Séculos depois, em 1777, Goethe, sempre ele, passou cinco semanas no castelo e registrou, em desenhos de próprio punho, as formas da edificação àquela época. O que mais atraia o escritor era o clima bucólico propiciado pela natureza, também apreciado pelos turistas contemporâneos com uma simples caminhada pelas vielas de paralelepípedo nos arredores das muralhas. Para fotos de toda a região, incluindo o esplendor da floresta, as torres oferecem a vista ideal.

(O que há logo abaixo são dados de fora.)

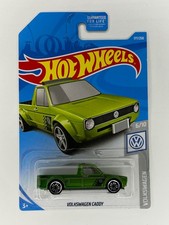 Hot Wheels 2019 Volkswagen Caddy 177250 Mainline Vw Series 610 Green New Nip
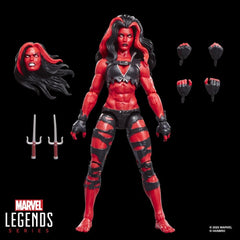 Hulk Marvel Legends Action Figure Red She-Hulk 15 cm 5010996352392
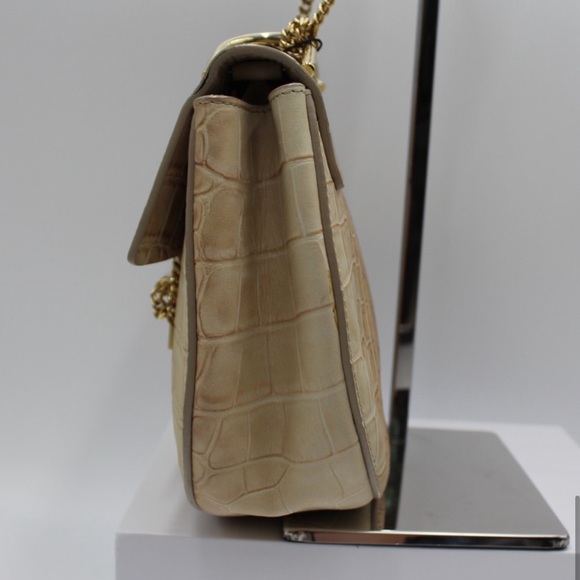 CHLOÉ Drew embossed crossbody bag - Picture 7 of 17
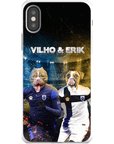 'Finland Doggos' Personalized 2 Pet Phone Case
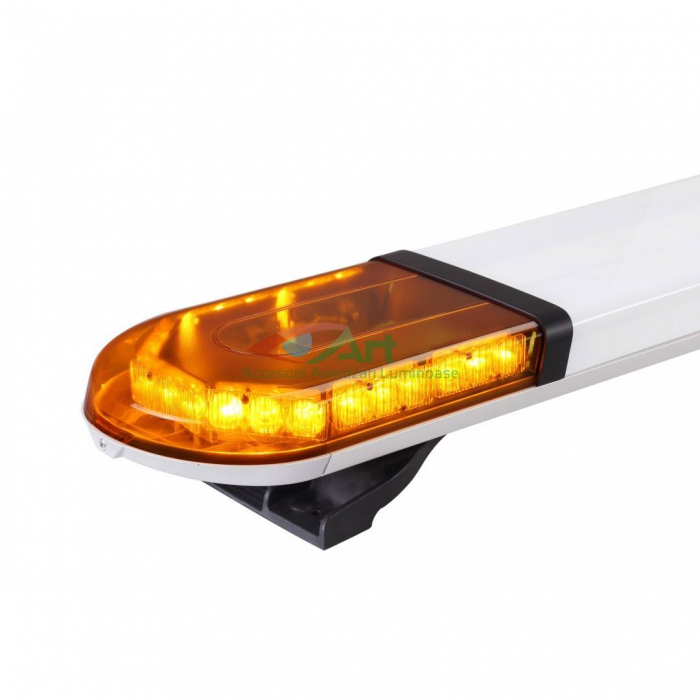 Rampa Girofar LED Instructor Slim 100 cm [5]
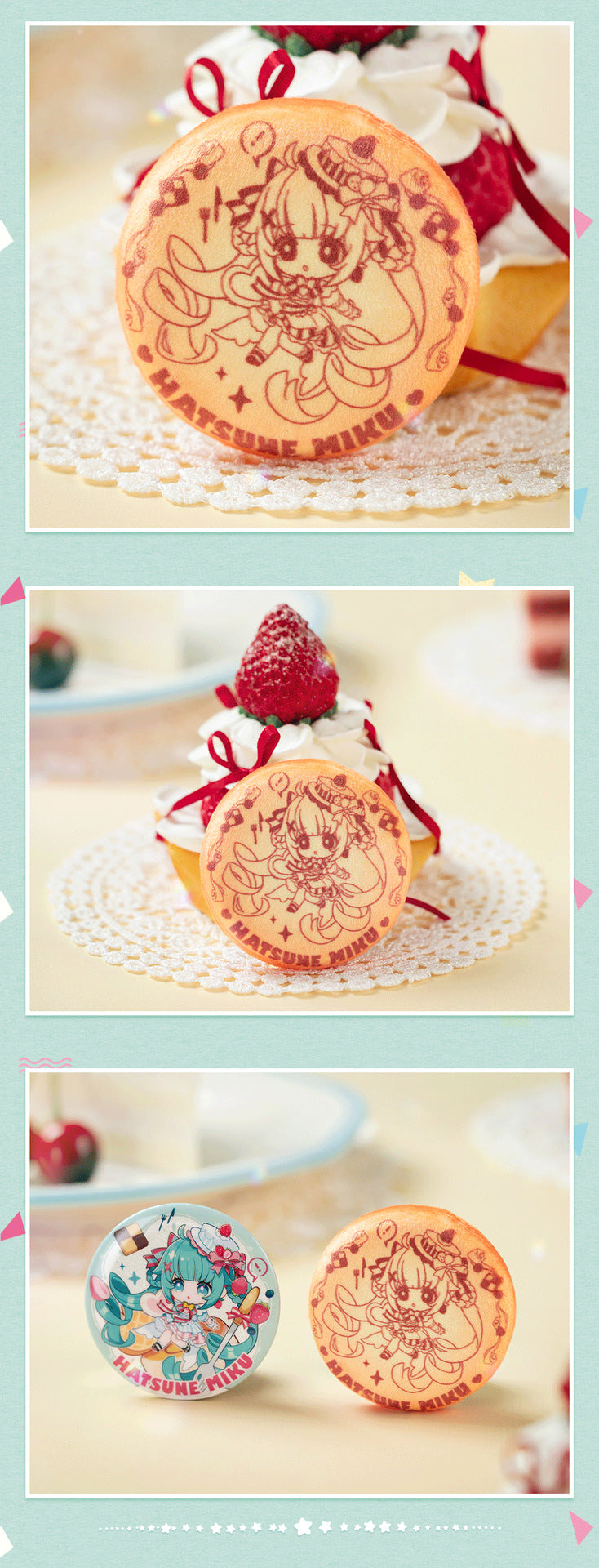 Moeyu Hatsune Miku Sweet Intertwined Series - Kanako.store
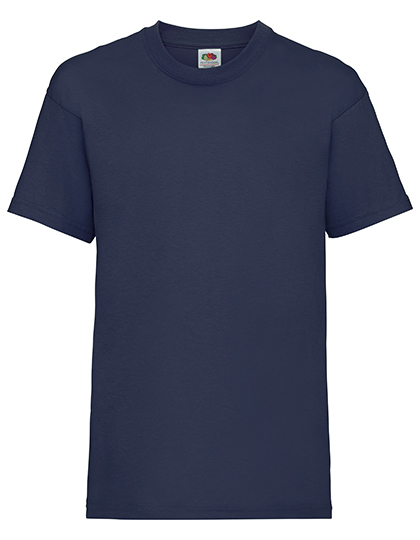 Fruit of the Loom - Kids´ Valueweight T - Deep Navy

Ainda dentro do burgo, vale a pena parar no restaurante que prepara uma imperdível Klöße, receita cuja base principal é uma mistura de batata crua ralada com batata amassada e cozida. Na casa, a especialidade é o Klöße servido sobre um creme de cogumelos selvagens. Também há a opção de pedir o prato acompanhado de chucrute e gulash, um guisado de carne. E ainda há as deliciosas tortas e bolos caseiros, sem contar a recomendadíssima cerveja Eisenacher Wartburg Pils. Para a ocasião ficar perfeita, sente-se em uma mesa próxima às janelas, para apreciar melhor a paisagem. E antes de deixar o Wartburg, olhe para o lado de fora através do arco que nos conduz até a ponte suspensa. Ao pôr do sol, a imagem é uma daquelas que demora para se esquecer.
No sopé do castelo, as andanças continuam, de modo a explorar as atrações de Eisenach. Na praça principal (Marktplatz) está o castelo da cidade, hoje sede do museu do estado da Turíngia, e a Igreja Georgenkirche. Nela, em 1211, casaram-se, com apenas 14 anos, Elisabeth da Hungria (aquela dos pães que teriam se transformado em flores) e Ludwig IV.
Na realidade, do interior do templo religioso não sobrou nada, uma vez que a construção foi derrubada e novamente reerguida em 1515. E foi ali, por essa época – exatamente em 2 de maio de 1521 -, que Martinho Lutero, já excomungado pelo papa, fez um sermão. Também o compositor, maestro e muli-instrumentista Johann Sebastian Bach, filho mais ilustre de Eisenach, tem a Georgenkirche na biografia: essa foi a igreja onde ocorreu seu batismo. Já o museu dedicado a ele fica na Rua Frauenplan.
Por meio dos passos de Lutero, Cranach, Bach, Wieland, Goethe, Schiller e outros ícones da cultura germânica, Weimar e Eisenach, cidades no coração da Alemanha, atraem não só os turistas de todo o mundo - e depois desta reportagem da Viaje Mais, os brasileiros devem ser os próximos a engrossar a lista. Também seguem para lá os próprios alemães, em busca de suas raízes e de sua rica e sofrida história.